The interest of these companies is no coincidence. The Casablanca Stock Exchange has experienced significant growth, with the main market index (MASI) reaching record levels and exceeding the 16,000-point mark, registering gains of more than 15% since the beginning of the year.
Currently, the Moroccan Stock Exchange has 77 listed companies, operating in diverse sectors such as banking, real estate and health. The government aims to increase this number to 300 by 2035, and has begun to promote the listing of state-owned companies in order to encourage private participation.

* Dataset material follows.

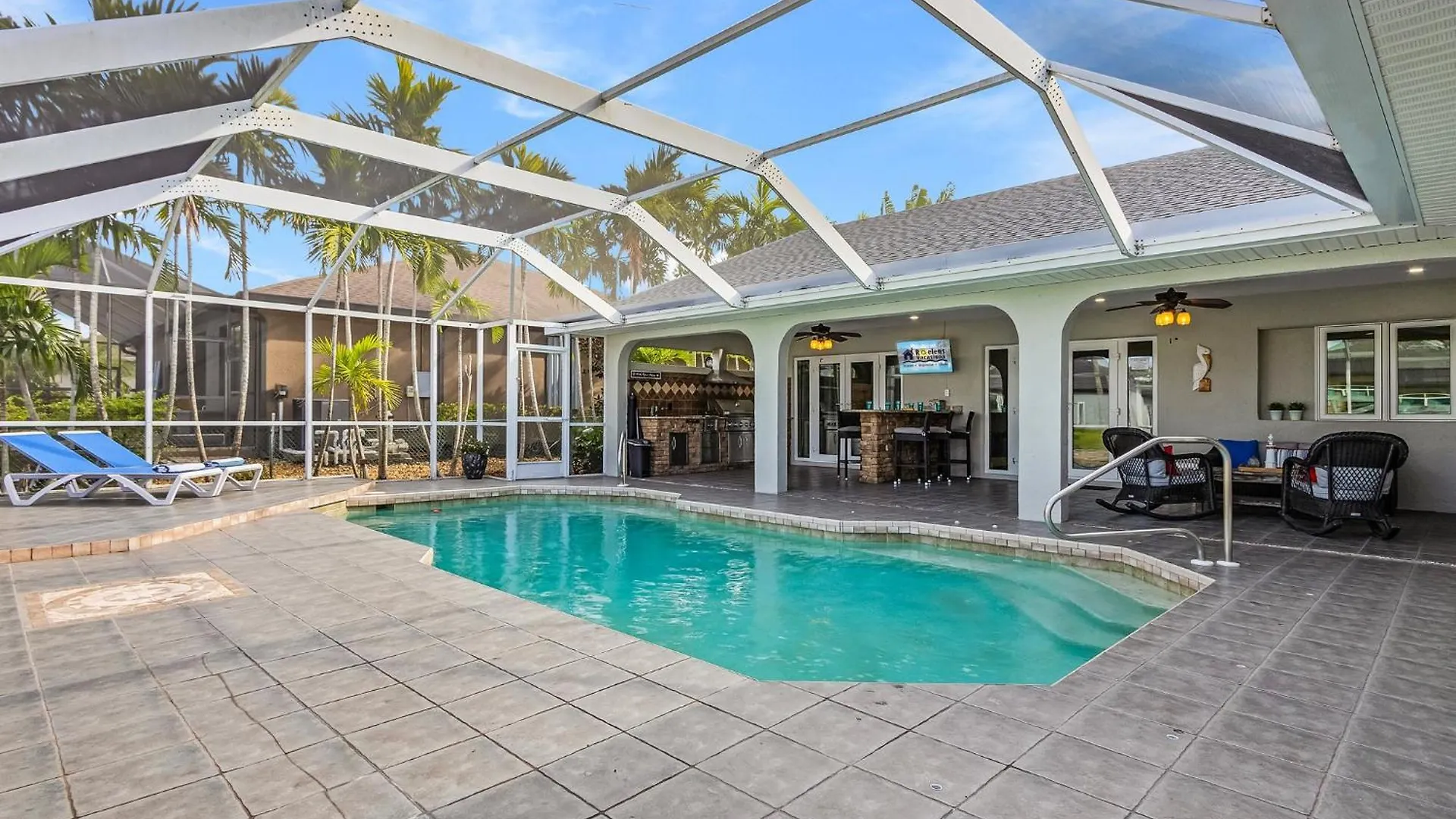 Adventure Awaits With Heated Pool, Kayaks, Pool Table, & Private - Palmas *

In addition, the Moroccan government has adopted a series of measures to make its stock market more attractive. These include the creation of a financial derivatives market and a clearing house, which are key tools for increasing liquidity and diversifying investment options.
On the other hand, Morocco is seeking to position natural gas as a transitional energy source, with projects that include the expansion of infrastructure for the import of natural gas and investment in clean energy. These initiatives form part of an ambitious development plan that includes investments of more than 100 billion dollars in sectors such as transport, real estate and water desalination.

The successful listing of Sound Energy and Predator Oil & Gas could open the door to more foreign companies, attracting investment and diversifying the Moroccan market. With a growing economy, political stability and a business-friendly environment, the Casablanca Stock Exchange is emerging as an attractive destination for companies looking to expand and raise capital in an emerging market.
The path towards greater openness and modernisation of the Moroccan stock market is clear, and the coming years could consolidate Casablanca as a key financial centre in Africa.